Have you got any streaming recommendations?

We’ve been watching The White Lotus. Paul thinks it’s weird, but I think it’s great. We also just finished Nine Perfect Strangers with Nicole Kidman and I loved the costuming. I’ve never been to a retreat, but I imagine that’s exactly the look with the white dress and flowing sleeves.

You’re cooking for friends, what is your signature dish?

All my friends know I am not a good cook, so it’s roast pork with apple sauce, roast vegetables and pavlova and cream, but not on the same plate! I can cook, but it’s not my favourite thing to do.

Tell us something we don’t know about you.

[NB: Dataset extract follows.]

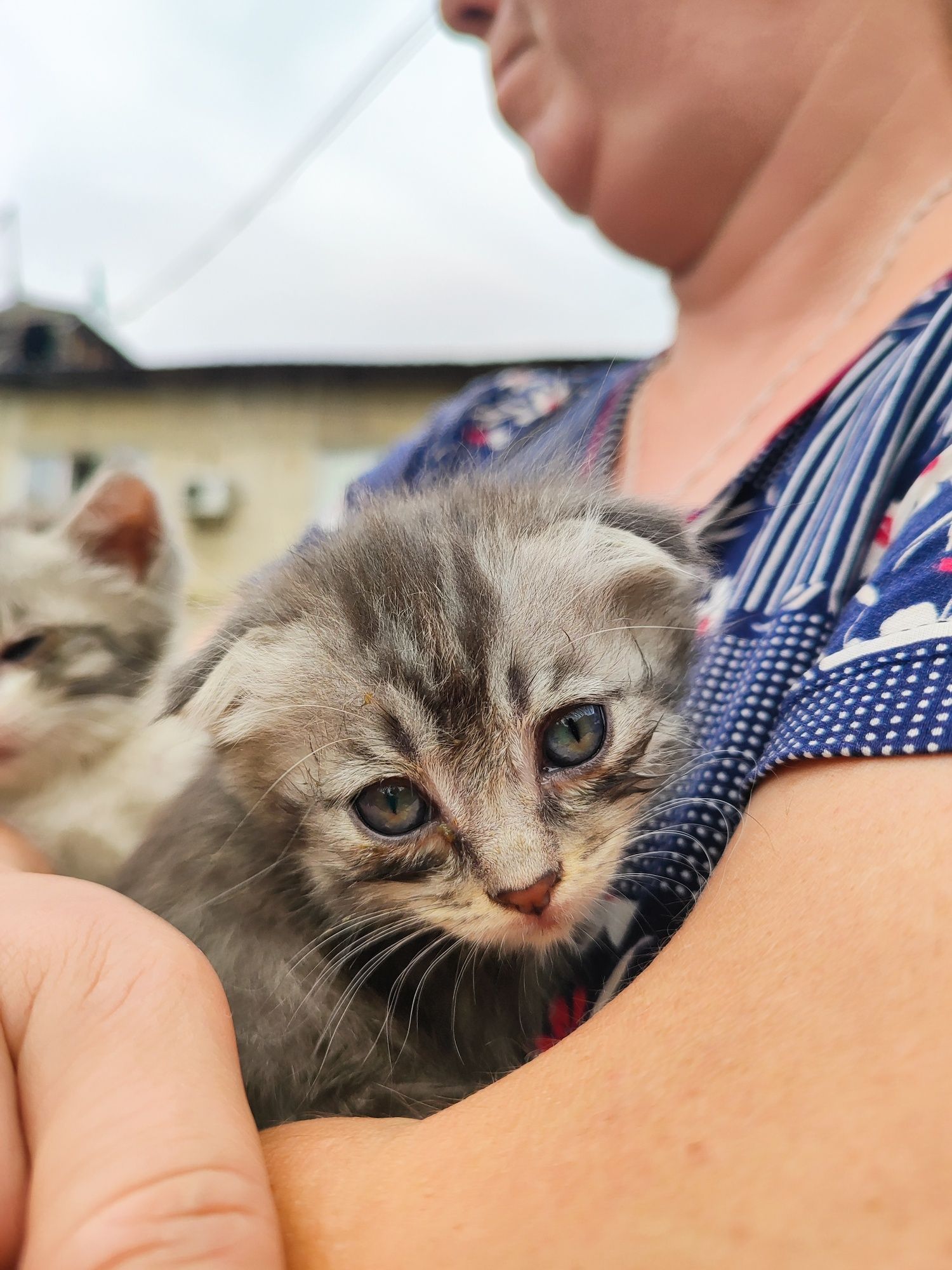 Отдам котиков в добрые ручки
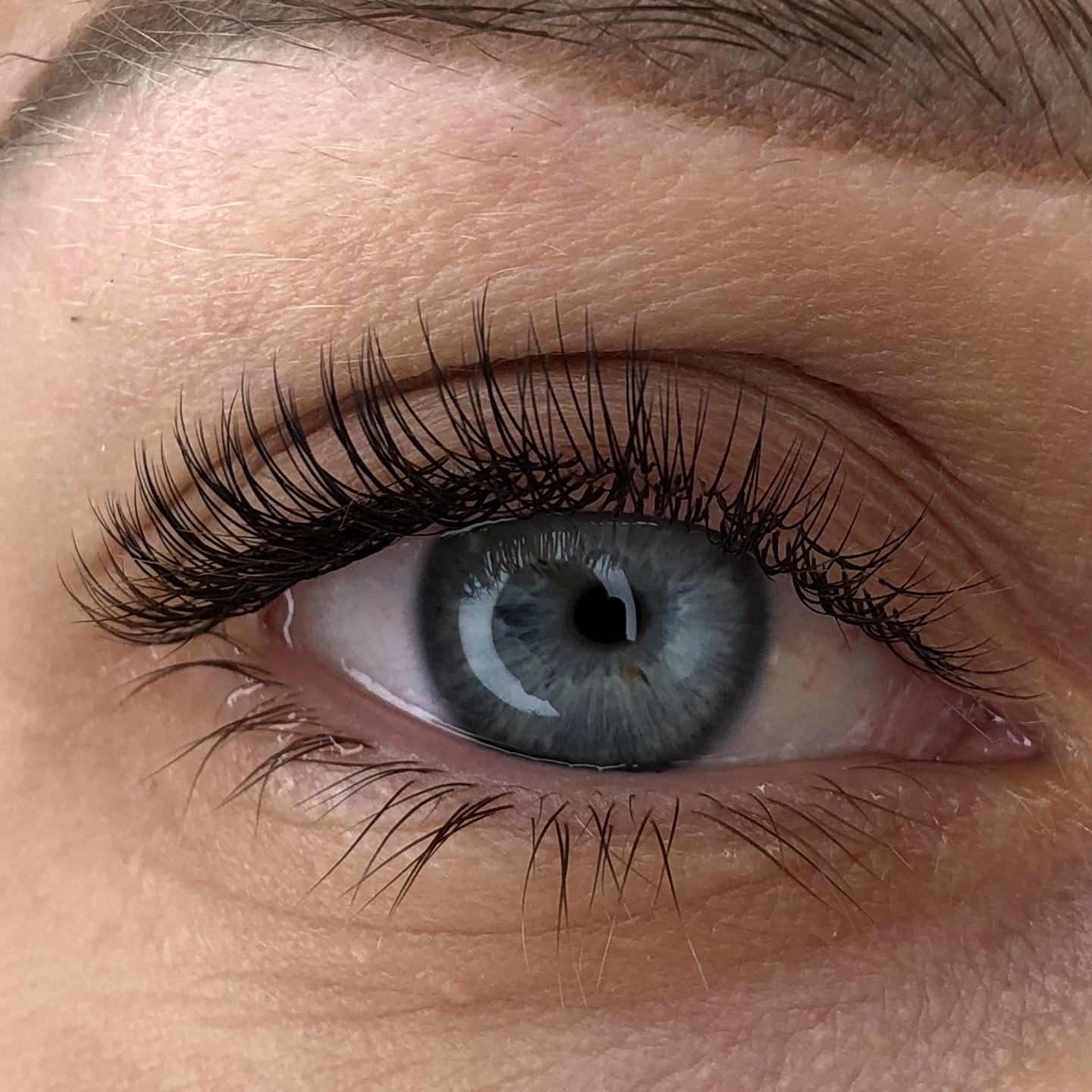 Single 1-2 weeks refill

I knit and crochet very fine baby shawls. That’s my thing. I use very fine wool and make intricately patterned baby shawls which are very old-fashioned. I stopped doing it for ages because I was flying first class with my CEO and CFO – both men – and this was in the days when you could knit on the plane. I pulled out my knitting and they both had an incredulous look on their faces which said we cannot possibly work for a chairman who sits in first class and knits all the way to London. I was so mortified that I put it away for years and years. It’s probably the thing that surprises people the most about me, but my baby shawls make superb gifts. When Paul’s daughter had a baby recently, I gave her one and now every time I see the baby, she’s wearing it, which is lovely. I’ve decided I’m going to make them for the children who haven’t had their babies yet. I’m going to wrap them in tissue paper and if I kark it before they have their babies, they can claim their inheritance.